Currently, small ruminants are raking in record prices. The price trend for sheep and goats in this country has been on a steady climb for decades. Year after year, without fail the price for lambs and kids increases. “With both sheep meat and goat meat we actually import more than we produce in this country,” Jennifer Lutes, agricultural business field specialist with the University of Missouri Extension, explained. “So, we have demand here that is unfilled by domestic production.”

Hence, a continual upward trend in prices. However, in order to get the absolute best price possible, there are management and marketing strategies producers can implement. The first step requires an understanding of the industry’s seasonal markets. 

Seasonal Markets 

 The sheep and goat industries have clearly defined seasonal markets. Research indicates consistent, predictable times of the year when demand for product is high. In most cases, the time when demand is high, the supply is low. The reverse is also true, when supply is high, demand is low. 

 This discrepancy is related to several factors. First, most sheep and goats are born during January through May. This makes the lambs or kids ready to market in the summer or early fall months. 

 However, most of the holidays in which people want to eat goat meat or sheep meat occur in the winter months or early spring months. “So, we have higher supply when we have lower demand and we have higher demand when we have a lower meat supply and that happens every year,” Lutes said. 

 Secondly, most lambs and kids are born later in the winter and in early spring because ewes and does go through a period of anestrus in the summertime. Ewes and does are considered short-day breeders, meaning they cycle during days with fewer hours of sunlight and cooler temperatures. The long, hot days of summer sends ewes and does into a temporary state of anestrus – a time when ewes and does do not ovulate. 

Market Highs and Lows

Years of research and data collection provide an indicator of the best time for most producers to sell their animals. Seasonal price highs occur in late fall to mid-spring and seasonal price lows happen beginning in early summer and through late fall. “We can have as much as a 25 percent price swing between market highs and market lows for the year,” Lutes added. 

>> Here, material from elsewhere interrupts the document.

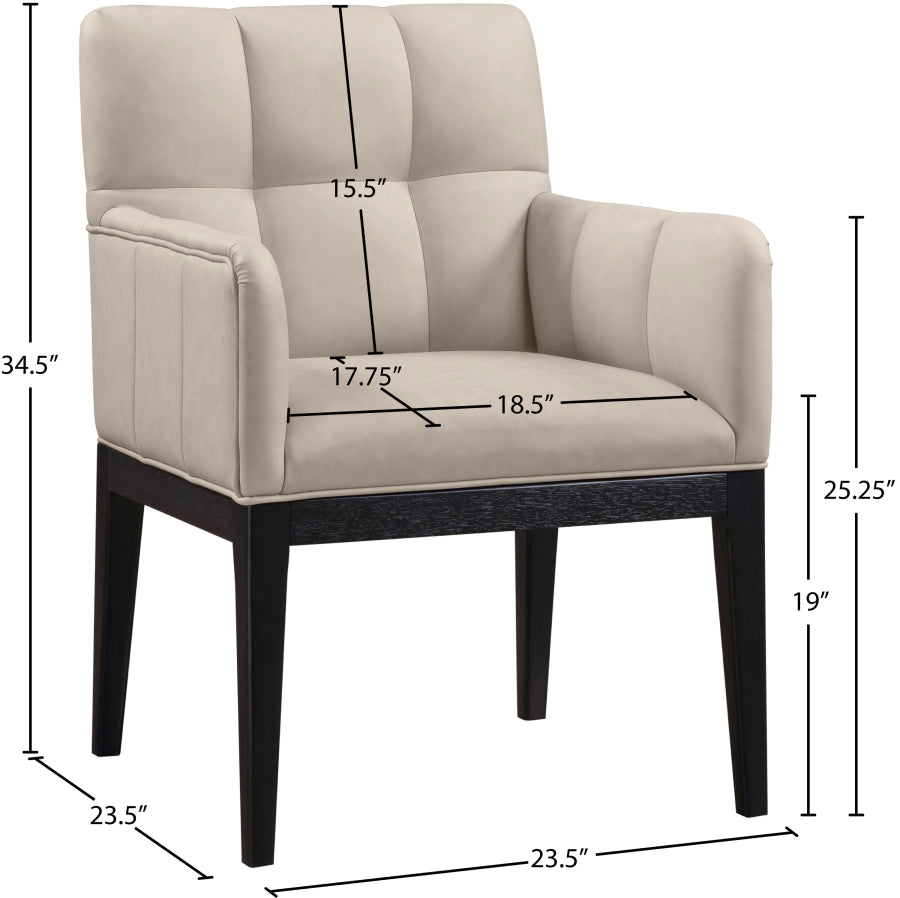Adrian Vegan Leather Upholstered Dining Arm Chair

Therefore, preparing to sell animals when the market reaches its peak, ensures producers will maximize profits. According to years of market data, the above average annual high price for goats occurs in April and the average annual low price happens in September. As for sheep, the market high was in December and low in August. The higher prices typically are tied to demand and holiday celebrations. “A lot of that revolves around the Easter market and when Easter falls, especially the marketing month before Easter, it is often the strongest demand point in the year,” Lutes explained.

Preparing to Hit the Market Highs

In order to sell animals when the market peaks, the animals must be ready at the right time. This requires making sure does and ewes are bred to kid and lamb at the end of December or beginning of January. In these cases, the animals can be marketed when prices are in the above average window for the year. 

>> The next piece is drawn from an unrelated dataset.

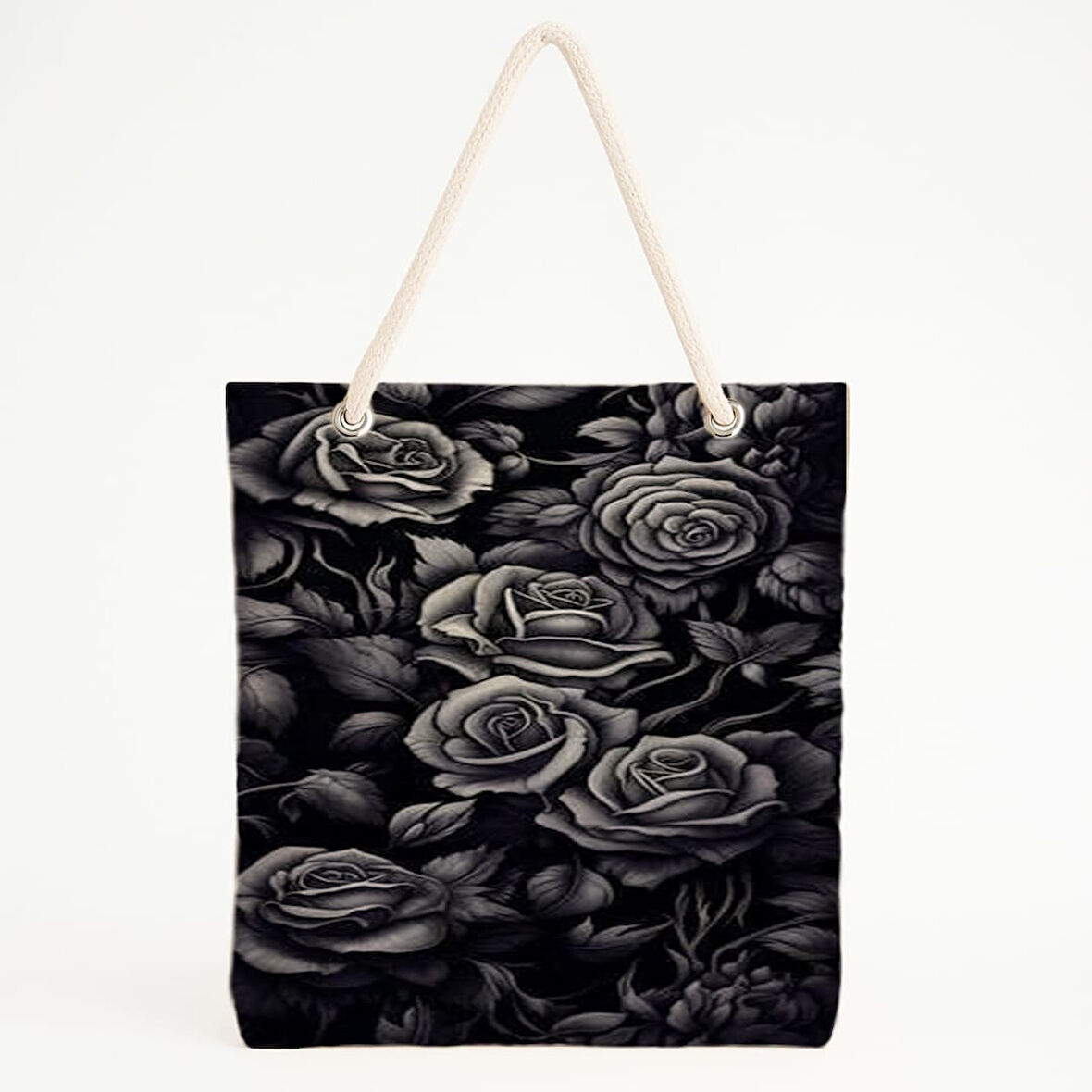 Yoğun Siyah Gül Desenli Gotik Plaj Çantası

 Due to ewes and does going through a period of anestrus in the summertime, it is difficult to get them to lamb or kid much sooner than late December. Another option for producers is to wait for kidding and lambing until April or May, then keep the kids and lambs to sell in January or February. 

Doubling and Tripling Money

Lutes recommends producers keep records to help them evaluate which animals are their top producers. One way to increase profits is to retain the does and ewes that are producing twins and triplets. 

Sheep and goats are capable of having and raising twins and triplets. One management strategy is to cull the does and ewes that are consistently producing single offspring. The does and ewes that raise twins and triplets are performing extra work that could have taken a whole other doe or ewe to do. Keeping the high performing animals will increase profits.